BEGIN

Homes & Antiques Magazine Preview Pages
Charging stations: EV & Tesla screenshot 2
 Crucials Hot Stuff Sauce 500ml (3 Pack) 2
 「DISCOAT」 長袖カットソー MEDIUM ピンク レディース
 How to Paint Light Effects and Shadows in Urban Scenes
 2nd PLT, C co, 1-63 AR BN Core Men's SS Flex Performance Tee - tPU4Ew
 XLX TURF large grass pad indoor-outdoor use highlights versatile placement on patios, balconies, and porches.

END

| Goal of the exercise |
Copy out the data exactly, keeping each line whole.

| Reply |
Homes & Antiques Magazine Preview Pages
Charging stations: EV & Tesla screenshot 2
 Crucials Hot Stuff Sauce 500ml (3 Pack) 2
 「DISCOAT」 長袖カットソー MEDIUM ピンク レディース
 How to Paint Light Effects and Shadows in Urban Scenes
 2nd PLT, C co, 1-63 AR BN Core Men's SS Flex Performance Tee - tPU4Ew
 XLX TURF large grass pad indoor-outdoor use highlights versatile placement on patios, balconies, and porches.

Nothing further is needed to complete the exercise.